Per-state macro-F1 (difficulty confound check)

statenmacro-F1held-out?
MT42840.979
DC42870.992
IA42870.996
SD42840.998
CA42871.000
VT42841.000✅ held-out
IL42871.000

Read

DeepSeek (2026-06-07) flagged geographic train/test leakage as the top risk to our headline F1: the model trains on the corpus (tiger/BAN/WOF), which covers the same streets and localities OA tests, so component recall could be partly memorization. The corpus holds out specific US geography (VT/WY/ND) from training, so OA rows there test places the model never saw.

The result refutes that hypothesis on the tags OA can grade. Held-out Vermont scores 1.000 macro-F1 against 0.994 in-training, so held-out is if anything marginally easier. The per-state spread tells the same story from another angle: Montana (in-training) is the worst at 0.979 while Vermont (held-out) ties California and Illinois at the top. The ordering tracks intrinsic state difficulty, not training exposure. The shipped en-US model's locality/region/postcode recognition generalizes to unseen geography, and the near-perfect numbers also confirm that these three tags on clean, canonical US addresses are essentially a solved problem.
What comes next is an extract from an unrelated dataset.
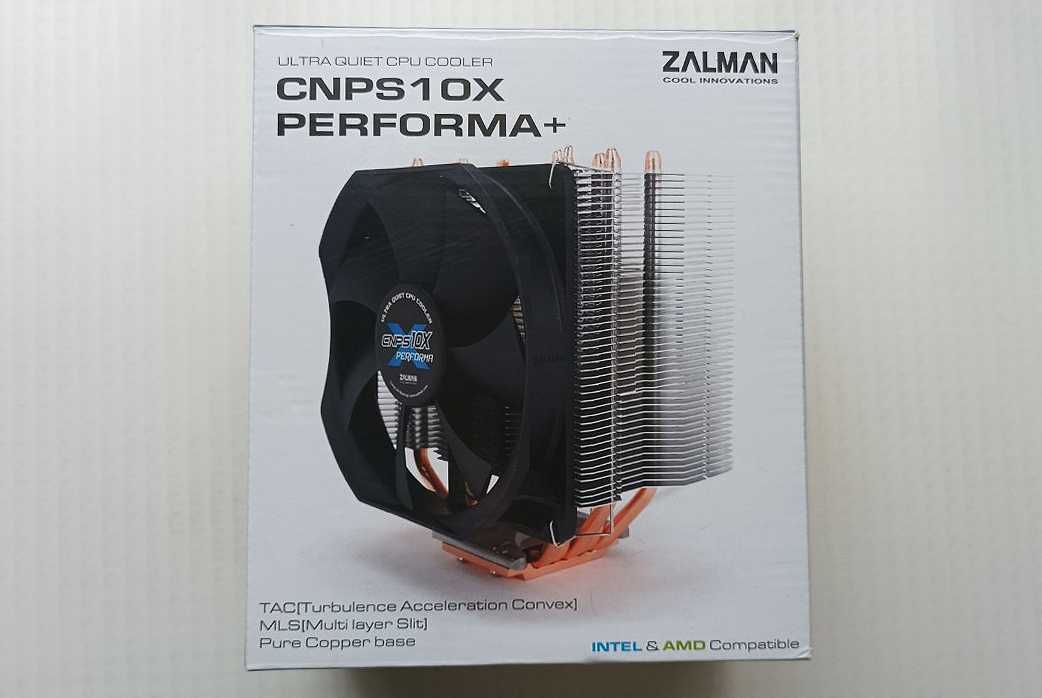 Кулер Zalman CNPS10X Performa+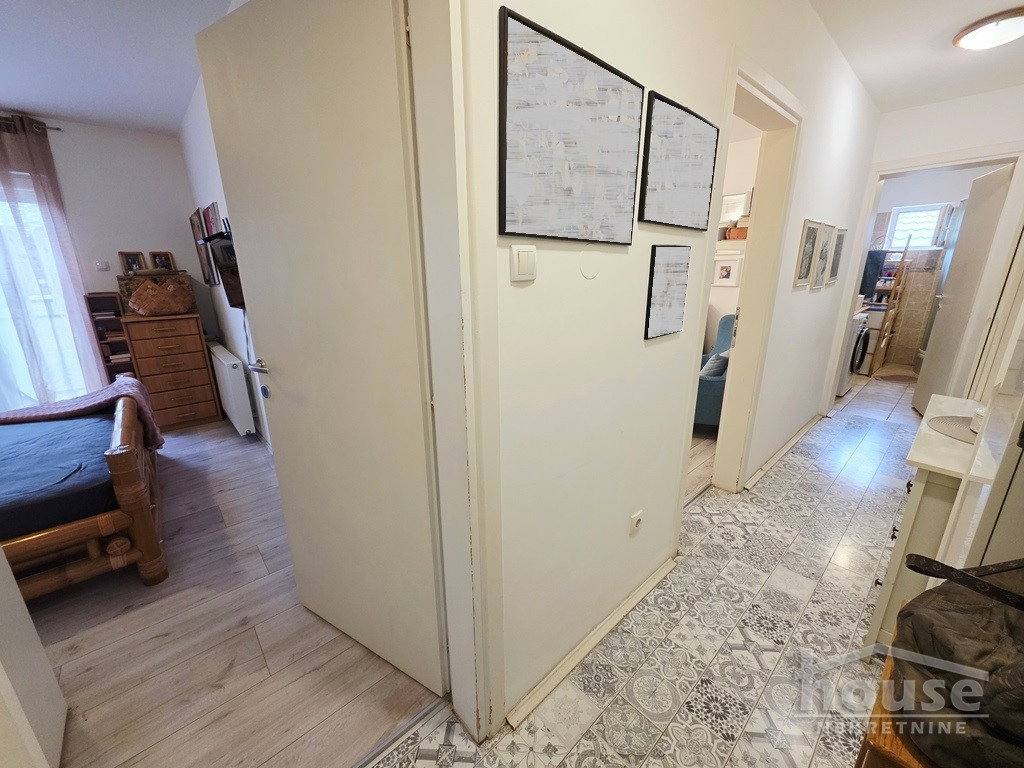 Dvosoban stan na prodaju, Veternik, Novi Sad, 57m², Prizemlje, 130.000 €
One caveat carries the whole result, so it's worth stating plainly. This only tests locality, region, and postcode, because that's all OpenAddresses gold carries. Leakage would bite hardest on STREET recognition, where memorizing a street name is the obvious shortcut, and OA can't grade street at all. A complete leakage check needs full-BIO corpus gold restricted to held-out geography, which is tracked as a follow-up on #371. And only Vermont survives in this US sample (Wyoming and North Dakota contribute zero rows), so the held-out signal is one state wide.

Reproduce: node --experimental-strip-types scripts/eval/leakage-split-f1.ts --eval data/eval/external/openaddresses-us-sample.jsonl --held VT,WY,ND --out-md <path>.